Altogether, that likely means that Monday’s proof test was not a wet dress rehearsal (WDR), a term used to describe the process of testing a launch vehicle by fully fueling it and performing a countdown identical to a real launch – but without engine ignition or liftoff. Instead, SpaceX likely began the day’s testing by pressurizing Starship several times with a neutral gas like nitrogen or helium, while gaseous oxygen is also a possibility but is significantly less likely. Simply by using pressure sensors on Starship and knowing the volume of gas that is being loaded, SpaceX could likely determine whether the prototype has any leaks.
The major vent around 6 pm local time could have simply been Starship venting that pressurant gas, which would explain why there was just a single large, observable vent. When dealing with cryogenic liquid propellant, those supercool liquids gradually heat up, causing a portion to boil and turn into gas, gas that launch vehicles then vent intermittently to prevent overpressure events (i.e. explosions). Starship Mk1 only visibly vented once, although there may have also been some additional venting even after technicians returned to the launch site (another sign that the pressurant was neither toxic or combustible).

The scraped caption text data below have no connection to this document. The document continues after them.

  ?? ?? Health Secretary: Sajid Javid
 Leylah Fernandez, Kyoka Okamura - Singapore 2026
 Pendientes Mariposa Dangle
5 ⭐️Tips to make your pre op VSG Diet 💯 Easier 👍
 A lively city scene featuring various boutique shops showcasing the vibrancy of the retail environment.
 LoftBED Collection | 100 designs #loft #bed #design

Oddly, shortly after SpaceX workers returned to the launch pad, they appeared to begin spraying down Starship Mk1 with a large volume of water or foam, producing clouds of mist as large as Starship itself. This came as a total surprise and why it’s being done is entirely unclear. Possible explanations include simply rinsing Starship (but why and why now?), checking its tanks for leaks, applying industrial quantities of WD40 (used to protect stainless steel from rust), or maybe even testing how Starship stands up to ice (extremely unlikely as it would need to be filled with a cryogenic liquid to be cold enough).

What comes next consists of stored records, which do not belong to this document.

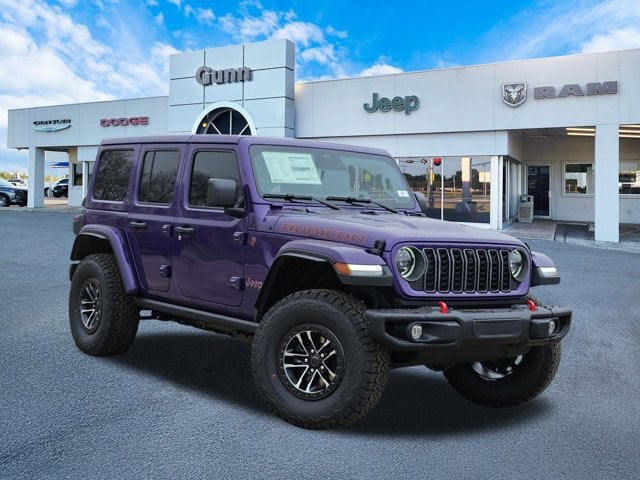 2026 Jeep Wrangler Rubicon X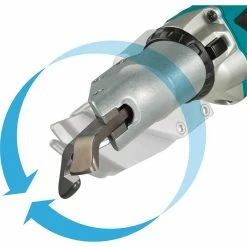 Makita XSJ04Z 18V LXT 18 Gauge Li-Ion Brushless Cordless Offset Shear -Bare Tool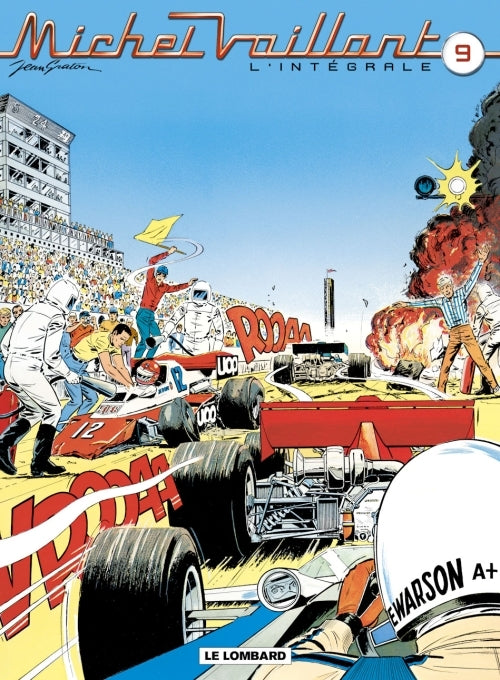 Michel Vaillant : Intégrale vol.9 - flash vidéo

Perhaps the morning light will bring some answers. All things considered, as long as the mysterious spraying is not indicative of any serious issues or concerns with Starship Mk1, SpaceX may now be ready to put the prototype through a true propellant loading test, potentially filling its tanks with as much as 1200 metric tons (2.65 million pounds) of liquid oxygen and methane. If or when Starship passes that test, it’s next trial will be the very first triple-Raptor-engine static fire test. For now, we wait.